_INFORMATION GIVEN_
+++

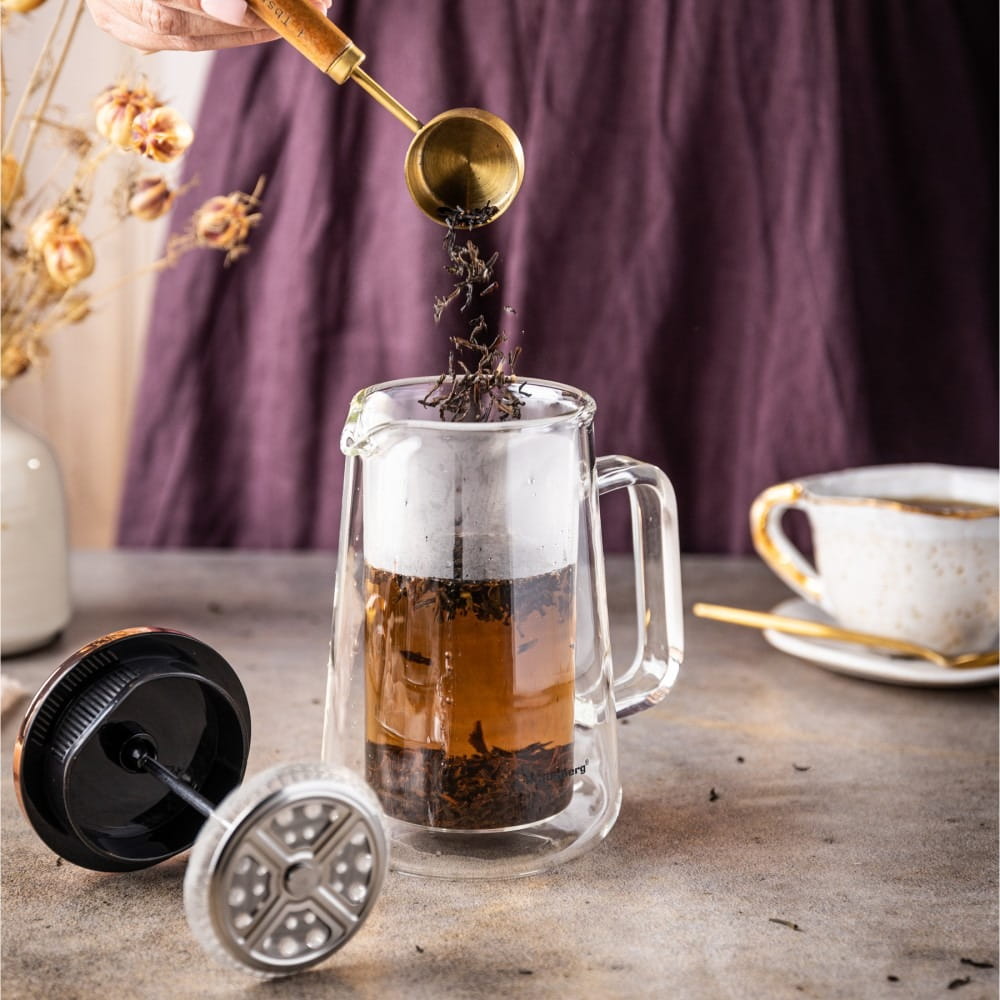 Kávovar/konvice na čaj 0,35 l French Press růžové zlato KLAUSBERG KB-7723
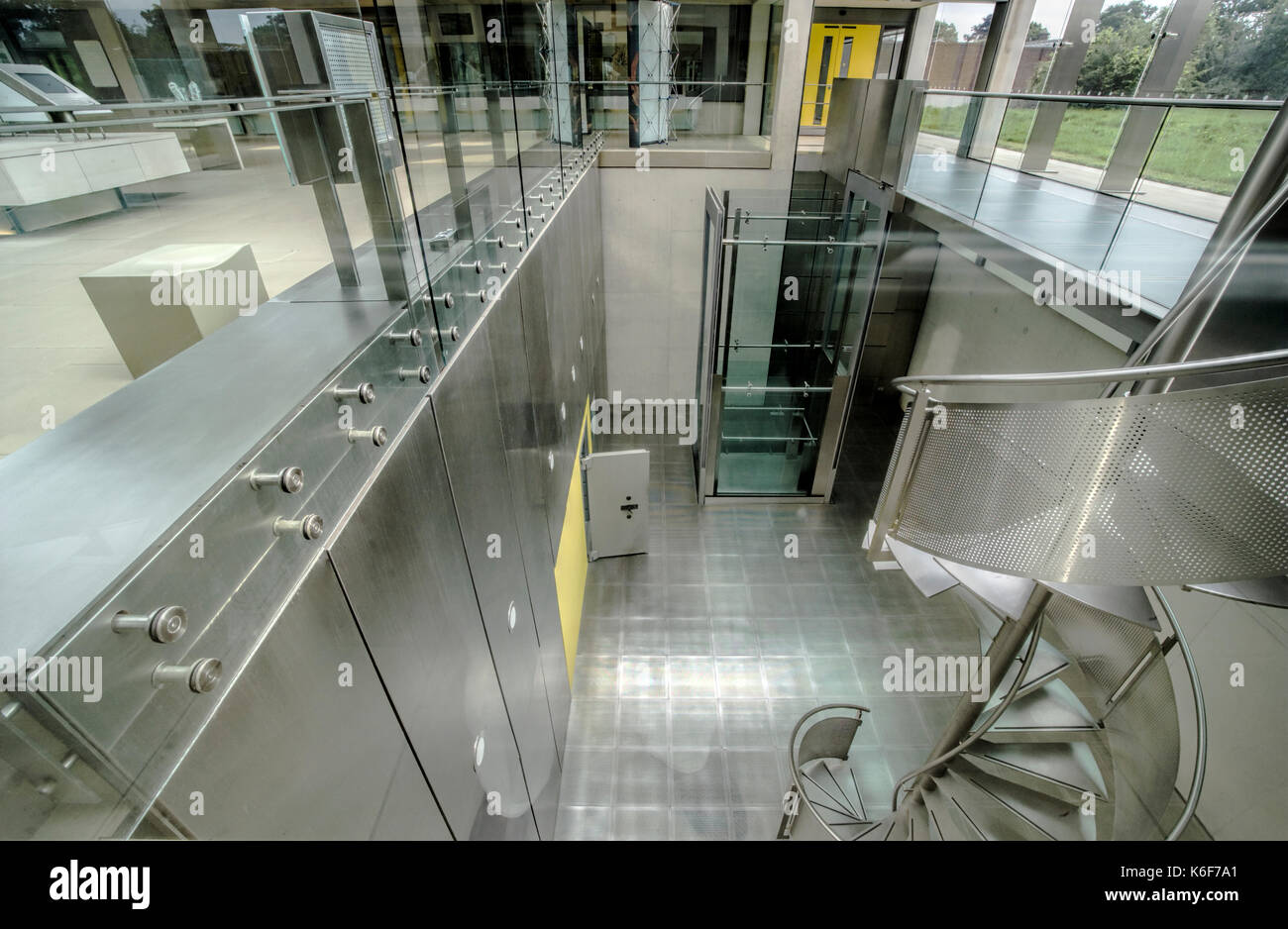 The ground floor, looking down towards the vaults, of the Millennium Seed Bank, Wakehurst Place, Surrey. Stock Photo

+++

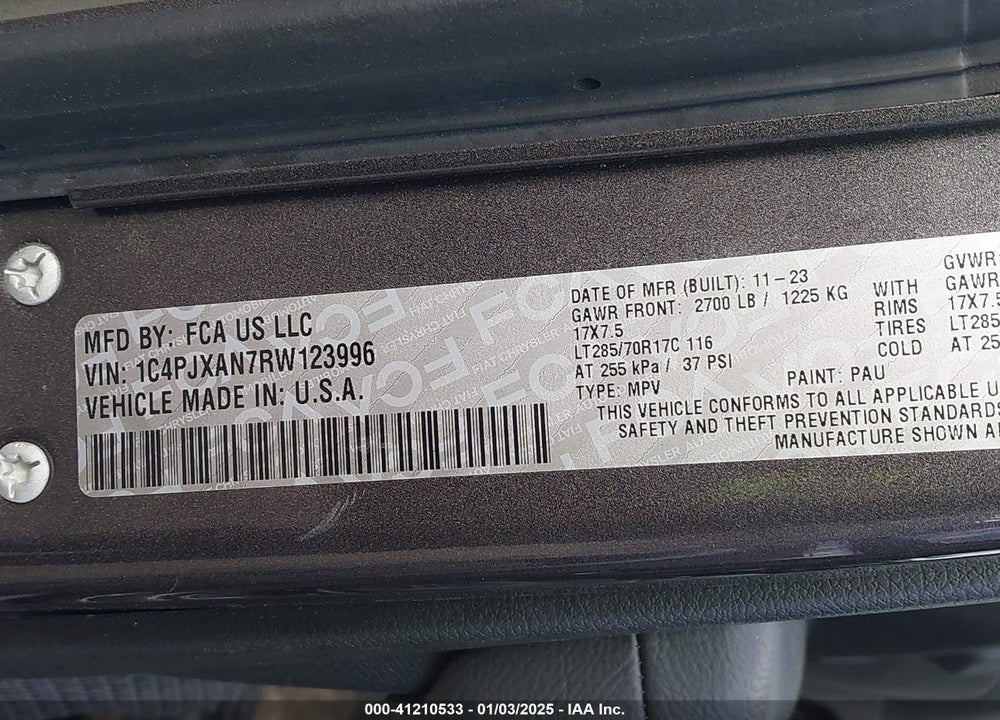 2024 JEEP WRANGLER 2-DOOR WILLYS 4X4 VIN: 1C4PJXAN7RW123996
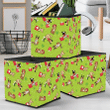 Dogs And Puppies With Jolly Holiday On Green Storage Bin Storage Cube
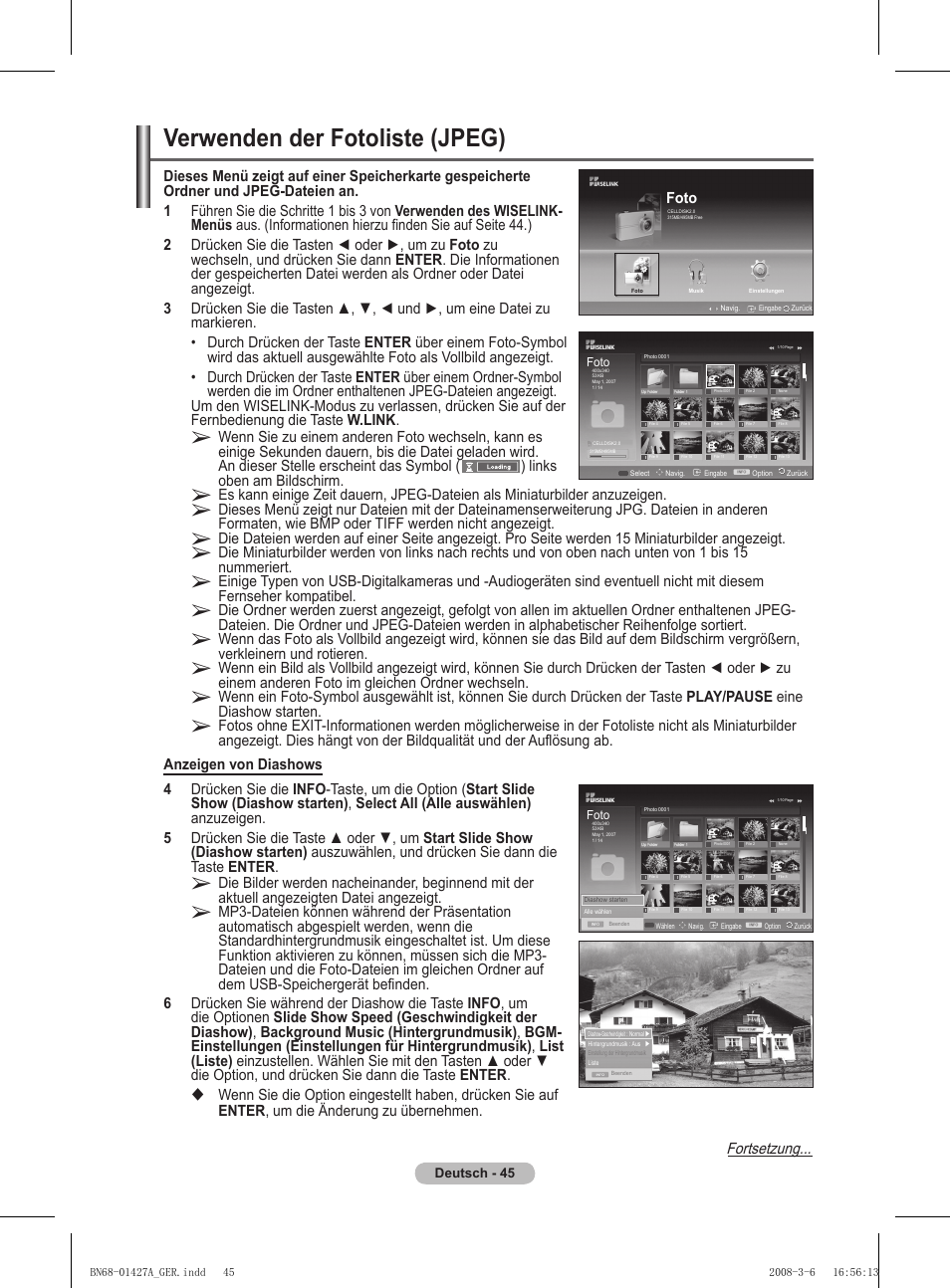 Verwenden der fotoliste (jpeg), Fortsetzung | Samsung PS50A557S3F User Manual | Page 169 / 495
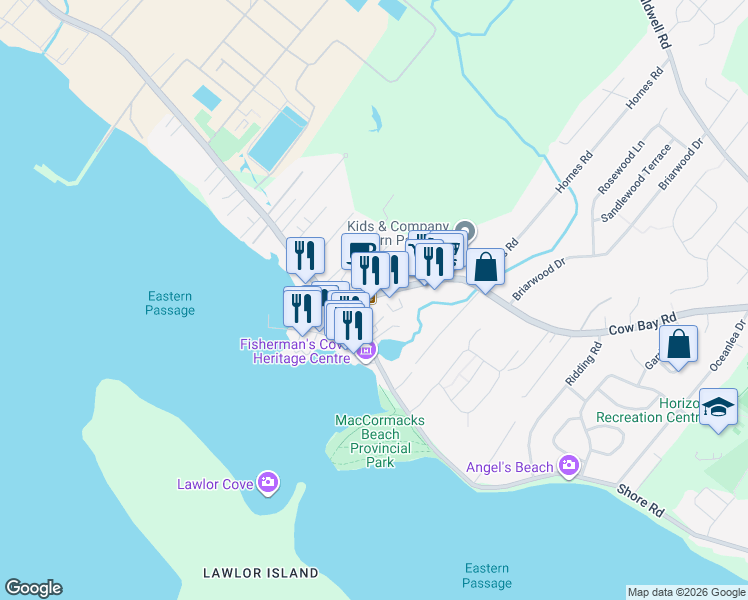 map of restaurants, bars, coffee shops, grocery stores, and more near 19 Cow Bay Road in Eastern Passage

+++

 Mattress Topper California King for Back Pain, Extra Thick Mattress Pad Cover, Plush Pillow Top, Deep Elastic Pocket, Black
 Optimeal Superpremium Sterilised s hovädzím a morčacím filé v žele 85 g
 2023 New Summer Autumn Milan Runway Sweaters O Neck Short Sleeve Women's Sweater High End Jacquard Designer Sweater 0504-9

+++

_DIRECTIONS_
Copy exactly, without pictures, the lines above from the one with "Dogs And Puppies" down to the one with "map of restaurants, bars, coffee", inclusive.

_REPLY_
 Dogs And Puppies With Jolly Holiday On Green Storage Bin Storage Cube
 Verwenden der fotoliste (jpeg), Fortsetzung | Samsung PS50A557S3F User Manual | Page 169 / 495
 map of restaurants, bars, coffee shops, grocery stores, and more near 19 Cow Bay Road in Eastern Passage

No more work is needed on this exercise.